A good case study of what fake news dissemination can achieve was seen in the Busia County nominations — where the front page of a local newspaper was ‘manipulated’ to proclaim the defection of Dr Paul Otuoma from ODM to Jubilee Party. This happened the very day ODM held nominations for the gubernatorial race in the county.
And with the trend fast taking root in Kenya, the credibility and integrity of the coming General Election is at stake — unless mechanisms are put in place to deal with dissemination of inaccurate information for public consumption.
Dr Samuel Siringi, a journalism lecturer at the University of Nairobi, says that given Kenyans’ dalliance with social media, the fake news phenomenon will certainly play a great role in misinformation as the August General Election approaches.
“Going by what happened in America, where even the Pope was alleged, through fake news, to have endorsed Donald Trump, Kenyans should expect the worst. We have already witnessed fake news regarding the NASA politics of selecting a presidential flag-bearer,” he said.
The fake-news phenomenon is characterised by some websites and blogs deliberately publishing hoaxes, propaganda and misinformation, which are also shared on Twitter, Facebook, YouTube and Instagram, purporting the news to be real.
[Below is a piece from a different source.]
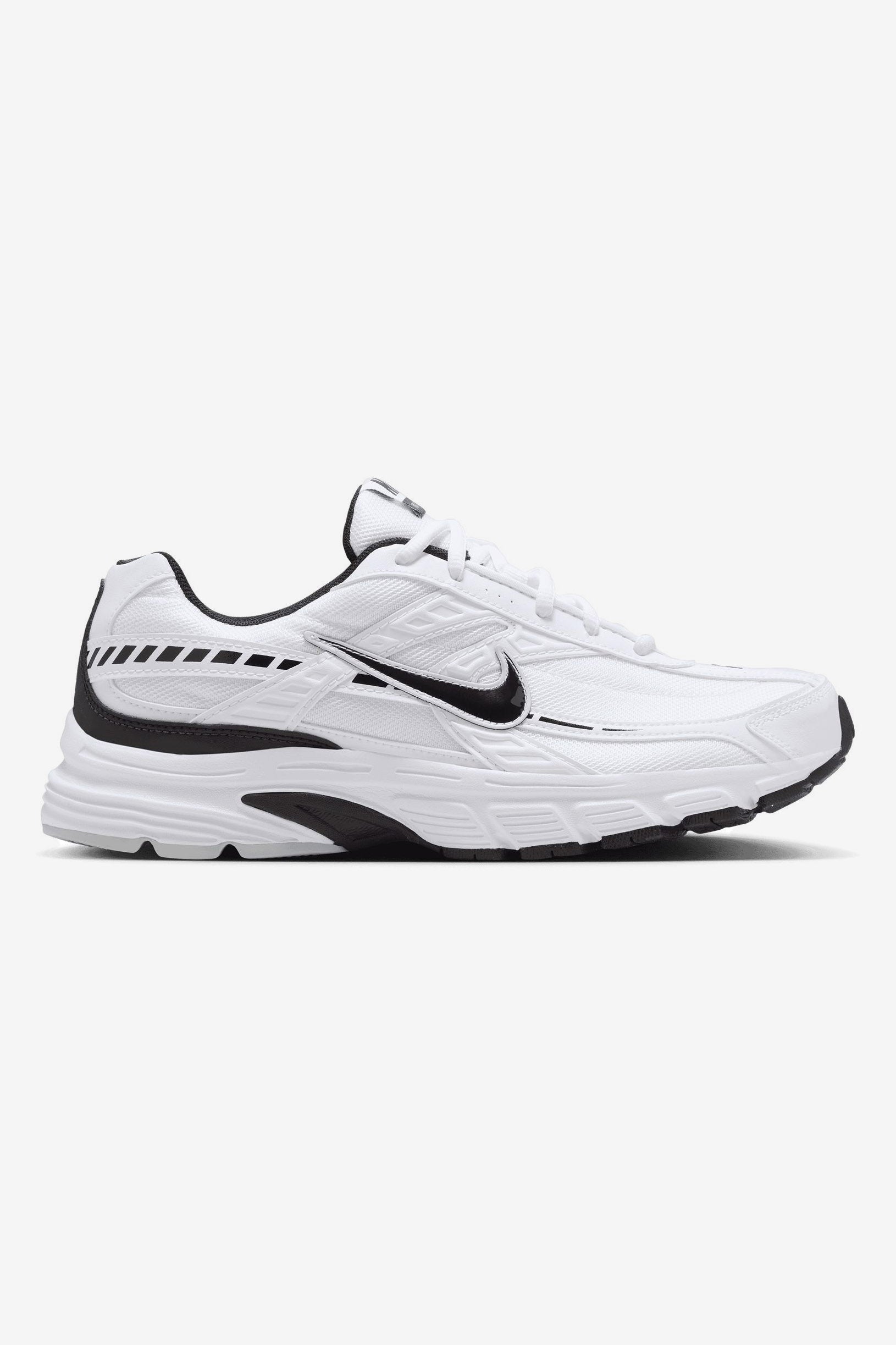 Initiator Sneaker - White + Black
Dr Siringi said other examples of the fake news incidents include recent claims on social media that Wiper leader Kalonzo Musyoka had defected to Jubilee and frequent fake stories of the deaths of showbiz celebrities.
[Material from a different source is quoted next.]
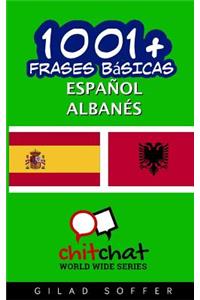 1001+ Frases Basicas Espanol - Albanes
According to Prof Amukowa Anangwe of Dodoma University, the emergence of fake news in Kenya has acquired dangerous dimensions.
“Whereas dirty tricks in electoral politics are normal, the shape the phenomenon of fake news is taking should be regulated and the culprits punished in order to curb the malpractice,” he said.
Prof Anangwe said that without drastic action being taken against purveyors of fake news, the practice may mislead the electorate to make wrong choices.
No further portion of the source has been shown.